Serve como lenitivo para os tão comuns esquecimentos.
Aí
me vem no cocuruto os entremeios de uma discussão sobre a meritocracia. É comum
as pessoas creditarem um sucesso mais aquele, a ascensão em uma carreira
promissora ou a inteligência raríssima aos seus potenciais intrínsecos ou a
esforços estritamente pessoais. Olha que tenho topado com mina de gente ao
derredor que jura de pé junto, afirma sem que lhe trema a cara, ter subido os
degraus da vida por si. Sem a ajuda de ninguém. Em Barcarena, então, se fosse
chover alheamento, seria uma chuva de dias a bom pingar sem trégua. Digo isso
porque convivo com gente que se beneficiou das lutas populares, sindicais, de
conquistas coletivas e hoje, ó, nem seu Souza pra história.
O
mais comum dos meus desconfortos com o apagamento da memória se dá no campo da
educação. À época da minha chegada em Barcarena, o município se ressentia da
falta de cursos específicos no nível médio e muito, e bastante sentida, no
nível superior. Para romper esta barreira, os moradores da cidade recorriam às
ofertas de cursos em Belém. Uma decisão na vida que levava o orçamento familiar
às alturas. O transporte era de toda sorte raro e caro. O trabalhador do pólo
industrial e as famílias tradicionais ou recorriam a parentes e amigos para
abrigarem os filhos na capital enquanto duravam os cursos ou, passavam um
aperto daqueles para garantir o ir e vir diário, mais um bico de pão para o
lanche. Esta condição, certamente, restringia a evolução dos estudantes e
enterrava sonhos.
Um
alento veio por uma articulação decisiva do, hoje vice-reitor da UFPA,
professor Gilmar Pereira, criando a lei do passe escolar, que franqueava a
passagem dos estudantes habilitados aos cursos em Belém. Um benefício que mudou
a vida de muita gente e supriu a cidade de profissionais da terra, de realce e
de importância fundamental para o desenvolvimento do município.
Eu
fui beneficiado com o passe escolar, quando, já quarentão, passei em Geologia
na Federal. Tudo bem, tudo bom, consegui fazer o primeiro semestre, me
assombrei com Cálculo I, mas passei até bem. Cuidei e me adiantei no segundo,
mas... sabe como é o pobre, né... No finzinho do semestre (que, coisa rara,
caiu exato no fim do ano) o prefeito de Barcarena suspendeu o benefício. Aí foi
um pega pra capar. Todo mundo na pira. Como íamos frequentar as aulas pagando
aquele horror de passagem todo dia? Tentei argumentar com meus professores e
dei com os burros n’água. O jeito foi declarar a guerra e reconquistar o passe.

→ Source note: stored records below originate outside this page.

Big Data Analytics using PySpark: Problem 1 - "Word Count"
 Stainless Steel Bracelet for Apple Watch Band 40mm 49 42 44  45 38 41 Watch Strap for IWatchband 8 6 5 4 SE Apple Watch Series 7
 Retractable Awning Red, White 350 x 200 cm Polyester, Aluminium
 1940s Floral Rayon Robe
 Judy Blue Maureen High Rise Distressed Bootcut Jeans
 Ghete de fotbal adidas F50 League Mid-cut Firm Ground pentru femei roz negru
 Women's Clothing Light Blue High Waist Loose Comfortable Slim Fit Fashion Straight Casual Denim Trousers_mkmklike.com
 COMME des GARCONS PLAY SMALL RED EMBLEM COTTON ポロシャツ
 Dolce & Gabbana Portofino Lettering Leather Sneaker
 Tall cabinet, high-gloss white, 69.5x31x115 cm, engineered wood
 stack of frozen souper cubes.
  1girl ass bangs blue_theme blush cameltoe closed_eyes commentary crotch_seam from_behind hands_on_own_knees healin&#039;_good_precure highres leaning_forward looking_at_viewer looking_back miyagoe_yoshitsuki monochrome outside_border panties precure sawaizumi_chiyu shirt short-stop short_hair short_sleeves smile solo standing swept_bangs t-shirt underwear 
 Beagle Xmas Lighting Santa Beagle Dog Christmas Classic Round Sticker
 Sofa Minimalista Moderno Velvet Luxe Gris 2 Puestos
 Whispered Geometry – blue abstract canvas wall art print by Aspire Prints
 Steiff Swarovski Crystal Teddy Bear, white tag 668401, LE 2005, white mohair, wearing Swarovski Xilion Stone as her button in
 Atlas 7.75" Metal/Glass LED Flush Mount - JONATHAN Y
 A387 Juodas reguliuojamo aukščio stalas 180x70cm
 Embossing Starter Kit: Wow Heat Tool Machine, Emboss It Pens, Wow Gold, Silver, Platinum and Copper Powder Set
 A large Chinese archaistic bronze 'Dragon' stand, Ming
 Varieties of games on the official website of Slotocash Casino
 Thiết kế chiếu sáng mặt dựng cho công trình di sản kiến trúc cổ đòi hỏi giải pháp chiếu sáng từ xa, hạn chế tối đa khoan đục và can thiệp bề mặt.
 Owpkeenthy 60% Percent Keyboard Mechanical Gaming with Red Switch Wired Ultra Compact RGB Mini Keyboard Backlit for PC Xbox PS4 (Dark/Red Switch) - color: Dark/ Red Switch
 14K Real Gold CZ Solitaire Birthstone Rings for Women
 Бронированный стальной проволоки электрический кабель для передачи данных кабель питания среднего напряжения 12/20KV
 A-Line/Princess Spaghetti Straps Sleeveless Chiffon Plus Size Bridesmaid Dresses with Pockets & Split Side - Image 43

Nem vou entrar nos detalhes, porque a prosa é longa, mas para ilustrar, revelo
que o reveion de 2005, eu passei, junto com uma pá de estudantes, acampado em
frente à prefeitura; varamos o Dia de Reis em batalha renhida contra aquele ato
que nos tirou, praticamente, o direito de estudar, e antes que meus professores
me dessem a conta justa da reprovação por faltas, recuperamos o benefício e
resgatamos para nunca mais perdê-la, a lei que mudou a vida de muita gente em
Barcarena.
E
eis que eu estava bem na curtição do show do Frejat, semana passada, o Rock
rolando bacana, quando passou um rapaz por mim, me encarou, falou algo que
malmente deu pra eu confirmar, sim, sou eu mesmo. E ele me deu um abraço tão
apertado, tão carinhoso, muito do bem. Falou no meu ouvido que era muito
agradecido por aquele dia, lá acampado na prefeitura, que ali, entendeu as
razões da luta e que dali, tirou o futuro. E eu ansioso, cortei o pequeno: formaste,
perguntei, formaste? Sim, ele respondeu. Formou em Engenharia. Devolvi o abraço
e um sorriso emocionado ao Diego.
Valeu
a pena!
Sempre vale a pena, mestre Sodré.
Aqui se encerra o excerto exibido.